>>>>

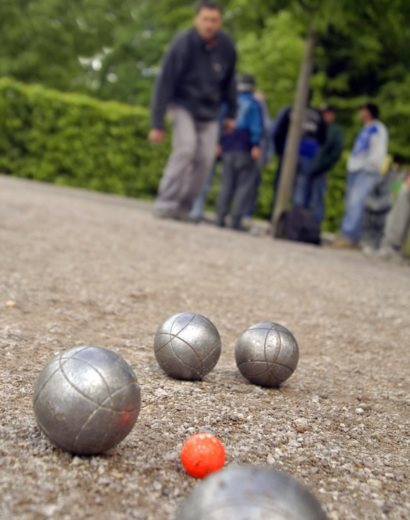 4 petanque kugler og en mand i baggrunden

<<<<
>>>>

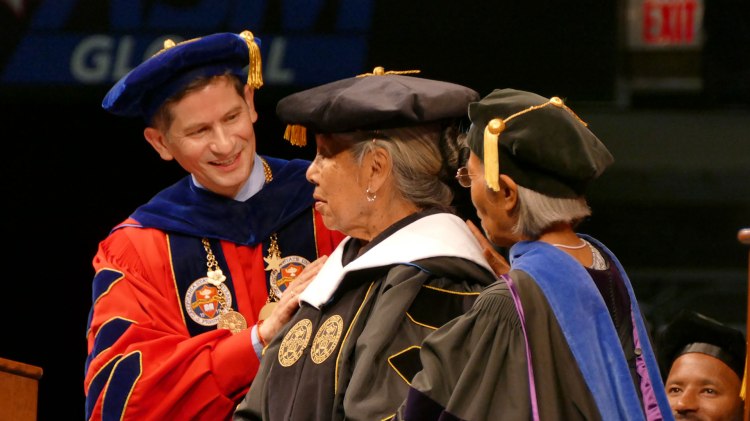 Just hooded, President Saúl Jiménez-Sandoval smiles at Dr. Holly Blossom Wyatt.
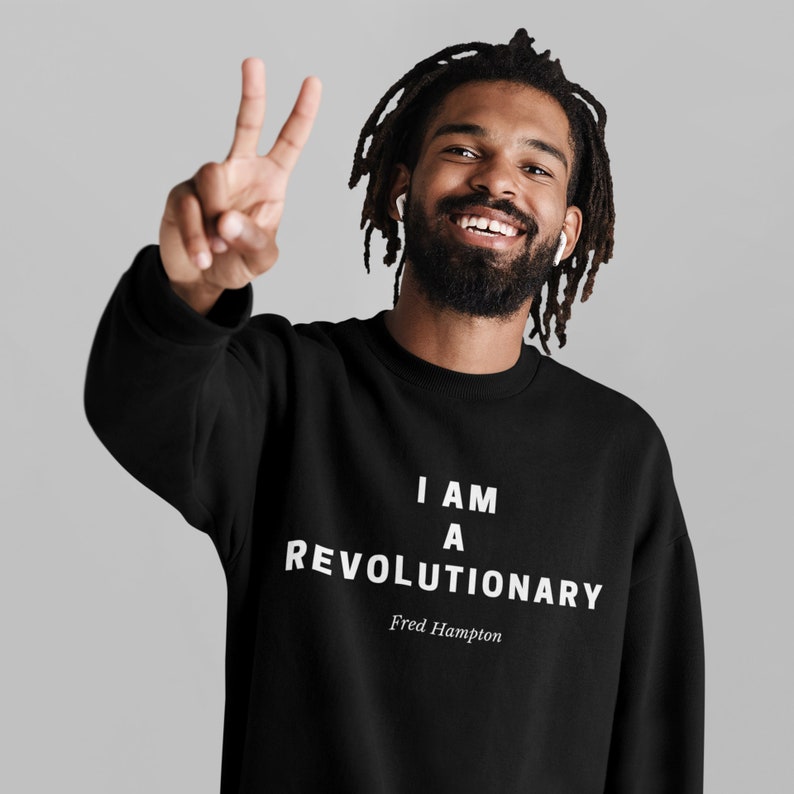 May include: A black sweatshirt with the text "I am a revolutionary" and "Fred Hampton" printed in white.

<<<<
>>>>

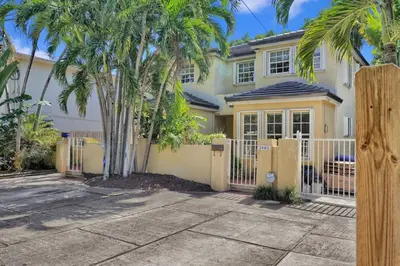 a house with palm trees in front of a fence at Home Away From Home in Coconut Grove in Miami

<<<<

• **Work required**
Quote word for word only the lines above from the one containing "Just hooded, President" through the one containing "May include: A". Pictures stay out of your copy.

• **Solution to the exercise**
 Just hooded, President Saúl Jiménez-Sandoval smiles at Dr. Holly Blossom Wyatt.
 May include: A black sweatshirt with the text "I am a revolutionary" and "Fred Hampton" printed in white.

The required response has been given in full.